Working from the records below, repeat exactly the lines starting at the line that contains "Nobo Damen Biene Posttasche NBAG-E2280-C020" and ending at the line that contains "Plug-in Enclosures", inclusive.

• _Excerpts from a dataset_

━━━

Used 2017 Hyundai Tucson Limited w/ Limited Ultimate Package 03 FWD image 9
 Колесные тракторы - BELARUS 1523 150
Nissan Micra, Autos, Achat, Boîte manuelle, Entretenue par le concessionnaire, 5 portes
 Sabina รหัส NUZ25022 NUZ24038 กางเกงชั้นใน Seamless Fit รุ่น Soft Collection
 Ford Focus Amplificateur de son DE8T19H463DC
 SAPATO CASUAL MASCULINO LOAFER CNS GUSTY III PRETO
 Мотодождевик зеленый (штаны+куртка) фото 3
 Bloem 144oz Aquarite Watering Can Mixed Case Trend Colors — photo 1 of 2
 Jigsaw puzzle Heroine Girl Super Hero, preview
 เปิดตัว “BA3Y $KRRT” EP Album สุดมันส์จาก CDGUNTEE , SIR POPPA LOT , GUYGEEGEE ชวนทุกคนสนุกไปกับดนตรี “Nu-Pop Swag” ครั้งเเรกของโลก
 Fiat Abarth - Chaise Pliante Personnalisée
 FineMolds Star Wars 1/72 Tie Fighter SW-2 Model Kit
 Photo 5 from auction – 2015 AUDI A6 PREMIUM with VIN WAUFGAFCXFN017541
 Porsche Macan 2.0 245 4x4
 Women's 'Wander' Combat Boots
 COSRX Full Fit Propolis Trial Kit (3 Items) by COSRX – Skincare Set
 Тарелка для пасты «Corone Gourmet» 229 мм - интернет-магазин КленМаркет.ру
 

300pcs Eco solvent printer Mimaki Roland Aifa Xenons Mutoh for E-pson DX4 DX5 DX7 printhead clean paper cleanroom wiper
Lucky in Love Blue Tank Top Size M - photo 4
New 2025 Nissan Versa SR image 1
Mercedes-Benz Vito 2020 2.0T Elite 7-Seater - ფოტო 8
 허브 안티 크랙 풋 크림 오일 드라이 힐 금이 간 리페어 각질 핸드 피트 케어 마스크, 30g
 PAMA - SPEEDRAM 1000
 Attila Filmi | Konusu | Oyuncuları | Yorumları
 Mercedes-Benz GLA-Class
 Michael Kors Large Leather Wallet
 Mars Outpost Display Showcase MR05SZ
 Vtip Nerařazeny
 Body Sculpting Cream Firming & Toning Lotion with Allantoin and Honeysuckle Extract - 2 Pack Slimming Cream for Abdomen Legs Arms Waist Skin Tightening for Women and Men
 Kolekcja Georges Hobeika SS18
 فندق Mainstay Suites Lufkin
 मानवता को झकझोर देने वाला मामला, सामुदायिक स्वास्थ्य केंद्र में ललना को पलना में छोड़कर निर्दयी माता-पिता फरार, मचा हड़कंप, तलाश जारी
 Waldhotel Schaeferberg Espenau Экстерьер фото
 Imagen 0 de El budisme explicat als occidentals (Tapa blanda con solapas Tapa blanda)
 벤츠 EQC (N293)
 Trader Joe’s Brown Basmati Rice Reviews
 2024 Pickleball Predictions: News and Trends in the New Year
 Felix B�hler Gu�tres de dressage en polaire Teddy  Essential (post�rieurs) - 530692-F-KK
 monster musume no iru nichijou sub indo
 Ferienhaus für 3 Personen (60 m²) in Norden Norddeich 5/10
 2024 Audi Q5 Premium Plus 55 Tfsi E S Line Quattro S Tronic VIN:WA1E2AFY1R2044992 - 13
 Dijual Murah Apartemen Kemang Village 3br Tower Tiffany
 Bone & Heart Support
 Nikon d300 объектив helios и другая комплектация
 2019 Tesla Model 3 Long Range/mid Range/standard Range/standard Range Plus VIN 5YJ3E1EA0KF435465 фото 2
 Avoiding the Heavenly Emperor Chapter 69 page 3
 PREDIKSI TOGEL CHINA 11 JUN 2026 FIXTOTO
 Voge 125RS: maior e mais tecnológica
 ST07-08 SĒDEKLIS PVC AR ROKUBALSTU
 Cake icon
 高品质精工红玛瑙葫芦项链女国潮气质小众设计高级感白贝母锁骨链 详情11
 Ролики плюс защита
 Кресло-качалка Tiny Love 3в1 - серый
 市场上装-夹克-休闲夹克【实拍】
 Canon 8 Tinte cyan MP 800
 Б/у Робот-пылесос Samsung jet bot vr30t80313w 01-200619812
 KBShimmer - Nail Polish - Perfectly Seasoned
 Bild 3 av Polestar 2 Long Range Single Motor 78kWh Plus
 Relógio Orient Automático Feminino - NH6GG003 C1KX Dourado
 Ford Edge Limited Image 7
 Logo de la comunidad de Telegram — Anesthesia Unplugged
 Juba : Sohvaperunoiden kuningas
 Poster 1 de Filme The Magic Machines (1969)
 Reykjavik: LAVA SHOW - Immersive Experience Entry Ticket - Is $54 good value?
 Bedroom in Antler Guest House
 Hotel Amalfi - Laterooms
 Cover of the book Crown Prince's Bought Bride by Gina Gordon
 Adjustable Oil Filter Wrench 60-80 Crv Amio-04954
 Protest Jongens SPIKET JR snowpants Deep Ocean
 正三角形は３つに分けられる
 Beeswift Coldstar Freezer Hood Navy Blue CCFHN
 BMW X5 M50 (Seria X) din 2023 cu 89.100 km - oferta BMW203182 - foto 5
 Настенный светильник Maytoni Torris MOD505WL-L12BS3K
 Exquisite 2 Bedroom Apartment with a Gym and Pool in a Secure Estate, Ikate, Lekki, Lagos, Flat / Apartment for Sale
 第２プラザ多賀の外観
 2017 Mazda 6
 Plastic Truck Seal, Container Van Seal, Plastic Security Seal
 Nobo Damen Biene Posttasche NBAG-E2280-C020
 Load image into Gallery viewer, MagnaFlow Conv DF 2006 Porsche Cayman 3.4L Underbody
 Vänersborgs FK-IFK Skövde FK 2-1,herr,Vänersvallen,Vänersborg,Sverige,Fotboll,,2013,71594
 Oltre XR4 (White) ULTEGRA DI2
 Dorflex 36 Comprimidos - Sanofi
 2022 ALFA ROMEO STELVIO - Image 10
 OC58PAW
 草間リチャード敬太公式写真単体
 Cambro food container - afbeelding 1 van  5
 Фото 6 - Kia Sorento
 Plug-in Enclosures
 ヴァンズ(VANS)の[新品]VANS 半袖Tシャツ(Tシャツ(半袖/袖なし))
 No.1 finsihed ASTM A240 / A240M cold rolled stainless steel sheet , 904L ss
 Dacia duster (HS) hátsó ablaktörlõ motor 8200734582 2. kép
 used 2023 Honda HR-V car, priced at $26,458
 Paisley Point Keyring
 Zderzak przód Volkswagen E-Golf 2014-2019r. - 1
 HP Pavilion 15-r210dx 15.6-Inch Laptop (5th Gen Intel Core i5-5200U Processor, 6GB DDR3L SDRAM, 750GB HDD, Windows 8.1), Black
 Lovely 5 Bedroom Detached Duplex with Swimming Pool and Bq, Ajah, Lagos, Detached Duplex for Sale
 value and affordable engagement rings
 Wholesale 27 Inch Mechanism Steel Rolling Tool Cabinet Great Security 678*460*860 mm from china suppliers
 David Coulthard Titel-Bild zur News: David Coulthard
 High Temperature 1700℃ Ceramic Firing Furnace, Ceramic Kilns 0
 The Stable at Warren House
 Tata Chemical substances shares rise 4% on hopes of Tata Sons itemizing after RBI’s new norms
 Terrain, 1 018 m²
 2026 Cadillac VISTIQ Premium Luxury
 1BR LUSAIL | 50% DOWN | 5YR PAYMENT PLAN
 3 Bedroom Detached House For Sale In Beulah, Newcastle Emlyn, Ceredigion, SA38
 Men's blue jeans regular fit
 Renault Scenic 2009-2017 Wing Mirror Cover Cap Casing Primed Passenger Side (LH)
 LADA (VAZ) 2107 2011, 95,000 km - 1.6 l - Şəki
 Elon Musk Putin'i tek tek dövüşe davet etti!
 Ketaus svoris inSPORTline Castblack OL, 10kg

━━━

• _SOLVED PROBLEM_
 Nobo Damen Biene Posttasche NBAG-E2280-C020
 Load image into Gallery viewer, MagnaFlow Conv DF 2006 Porsche Cayman 3.4L Underbody
 Vänersborgs FK-IFK Skövde FK 2-1,herr,Vänersvallen,Vänersborg,Sverige,Fotboll,,2013,71594
 Oltre XR4 (White) ULTEGRA DI2
 Dorflex 36 Comprimidos - Sanofi
 2022 ALFA ROMEO STELVIO - Image 10
 OC58PAW
 草間リチャード敬太公式写真単体
 Cambro food container - afbeelding 1 van  5
 Фото 6 - Kia Sorento
 Plug-in Enclosures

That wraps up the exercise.